The on-field product at Camden Yards was really poor last year and remains so at present. While the farm system isn’t barren, it was and is generally regarded as a bottom-third outfit. And the club’s new front office leadership is only just starting the arduous task of building out an international operation.
The first overall draft pick is a nice consolation prize for a wretched season; it’s one the O’s may well pick up for multiple years running. But it doesn’t always convey as much draft power as you might wish. The Diamondbacks, not the Orioles, had the highest overall spending capacity this year since they were able to secure some lofty comp selections.
More importantly, you’re always limited by the players available. Last year, the Tigers were glad to find Casey Mize at 1-1, though pitching prospects are always riskier. The Astros were able to get creative back in 2012, selecting Carlos Correa instead of consensus top prospect Byron Buxton and reallocating some bonus space for later draft targets. But that was only possible because there were two exceptional talents. In some years, there aren’t any slam dunks. Browse back through the recent history of top overall picks and you’ll find quite a few that did not stand out as obvious selections at the time (and haven’t necessarily worked out as hoped).
With the first overall pick, you want a combination of upside and floor. You want it all in terms of talent and makeup. Preferably the player is not just toolsy but advanced enough to be a relatively near-term MLB option. And when you’re in as deep a hole as the Orioles, especially, you are hoping that this special player is capable of taking on the immense pressure that comes with such a selection.
On the surface, Rutschman is all of that and more. He’s a switch-hitting catcher with outstanding abilities on both sides of the ball and a history of performance at the highest levels of the collegiate ranks.
True, there were some other blue chippers in this class. In particular, second overall selection Bobby Witt Jr. had a case to get the top nod. He’s got all the tools and comes with big league bloodlines. If you’re wary of putting too much stock in a guy who’ll take a lot of wear and tear behind the dish, maybe Witt was a better selection. As a high schooler, he wouldn’t be expected to push immediately towards the majors.
Expectations are certainly lofty for Rutschman. He already led OSU to a title. As an advanced college player, he’ll be expected to perform well out of the gates and move swiftly up to the bigs … where team-level expectations will immediately rise.

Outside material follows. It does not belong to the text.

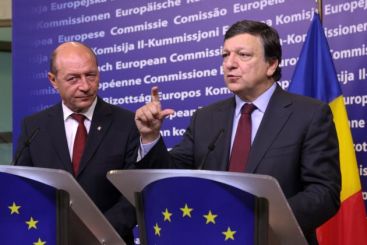 CE va continua sa supravegheze Romania in urmatoarele luni. Barroso cere cooperare, pentru recastigarea credibilitatii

Rutschman spoke last night in a way that should resonate with Orioles fans: “I’m going to control what I can control and play the best that I can play and work as hard as I can. I think everything else is going to take care of itself.” It’s a humble statement on the surface, but one that’s also laden with expectations when you consider the context. With Rutschman leading the way, will everything else fall into place for the Orioles?